» Exercise instructions:
Pictures stay out of the copy, and everything else in the data below is repeated exactly.

---------- Data extract ----------

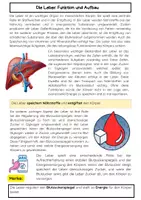 Vorschau - Arbeitsblätter - Die Leber: Funktionen, Entgiftung und Stoffwechselprozesse im Biologieunterricht - Seite 1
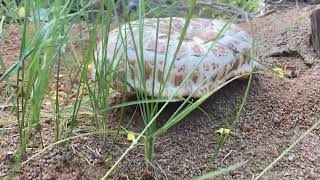 Giant Sawtooth Lentinus ponderosus  All Mushrooms Are Magic [upl. by Schouten314]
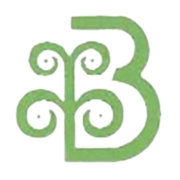 Brijlaxmi Leasing & Finance Ltd Share Price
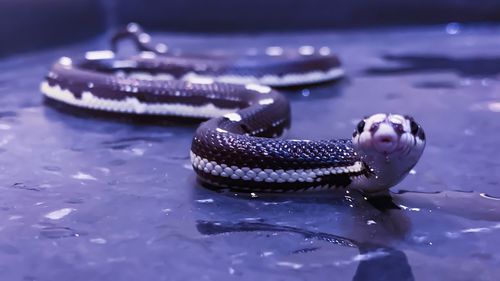 Close-up of snake on wet surface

----------

» Exercise response:
 Vorschau - Arbeitsblätter - Die Leber: Funktionen, Entgiftung und Stoffwechselprozesse im Biologieunterricht - Seite 1
 Giant Sawtooth Lentinus ponderosus  All Mushrooms Are Magic [upl. by Schouten314]
 Brijlaxmi Leasing & Finance Ltd Share Price
 Close-up of snake on wet surface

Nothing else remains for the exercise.